О «золотом захоронении» стало известно министерству военно-морского флота Англии. В 1963 году оно снарядило водолазов, которым удалось установить точное место гибели «Ассошиэйшна» и спустя три года поднять со дна дюжину полусгнивших шпангоутов, изъеденные ржавчиной пушки с ядрами и два десятка золотых монет. Однако в сентябре 1967 года министерство обошли аквалангисты-любители. Ими оказались Рональд Моррис, шестидесятилетний хозяин траулера, и аквалангисты Гофри Аптон и Дуглас Рой.

На россыпи золотых монет Гофри Аптон наткнулся всего в ста метрах от места, где работали водолазы военно-морского флота. На каменистом грунте аквалангисту удалось собрать около двух тысяч золотых и серебряных реалов, пиастров, крон, полукрон и флоринов. Большая часть монет хорошо сохранилась. Самая древняя датировалась 1664 годом.

Не успела затихнуть газетная шумиха вокруг этой находки, как в Англии объявились наследники адмирала Шовела.

Первой начала претендовать на сокровище погибшего корабля некая Энн Стэндши.

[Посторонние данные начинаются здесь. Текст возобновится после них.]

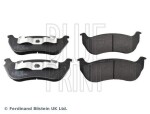 BLUE PRINT Piduriklotsi komplekt,  ketaspidur ADA104238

Она заявила нотариусу, что сэр Клоудезли Шовел приходится ей родственником в седьмом колене.

Вторая претендентка на клад предпочла сохранить свое имя в тайне до начала судебного процесса.

На это Рональд Моррис заявил в печати, что для завершения поисков клада с затонувшего «Ассошиэйшна» потребуется, по его мнению, еще три года, а что касается наследников, то им вряд ли удастся доказать, что найденные его аквалангистами монеты являлись личной собственностью адмирала.

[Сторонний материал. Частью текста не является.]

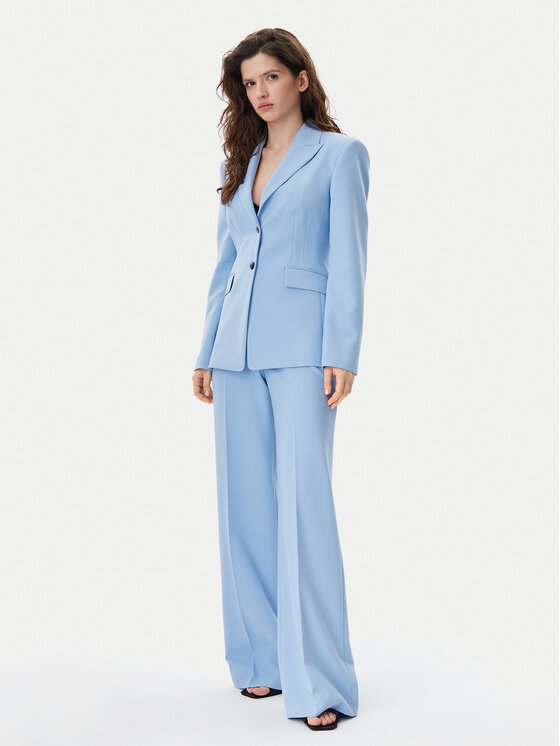 HUGO HUGO Spodnie materiałowe Himia 50513960 Błękitny Regular Fit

Пока еще суд не решил, кому принадлежат сокровища. Он займется этим делом лишь через ГОД. Однако это вовсе не означает, что все разговоры о «золотом дне» у островов Силли тоже отложены. В прибрежных водах туманного Альбиона покоится немало затонувших судов. Их сокровища не дают спокойно спать аквалангистам-любителям. Действуя на свой страх и риск, подводные шерлоки холмсы, роясь в кладовках Нептуна, нередко используют динамит, уничтожая то, что интересует ученых. Вот почему на страницах британской печати все чаще появляются тревожные высказывания ученых о варварской охоте за кладами, покоящимися до поры до времени на морском дне.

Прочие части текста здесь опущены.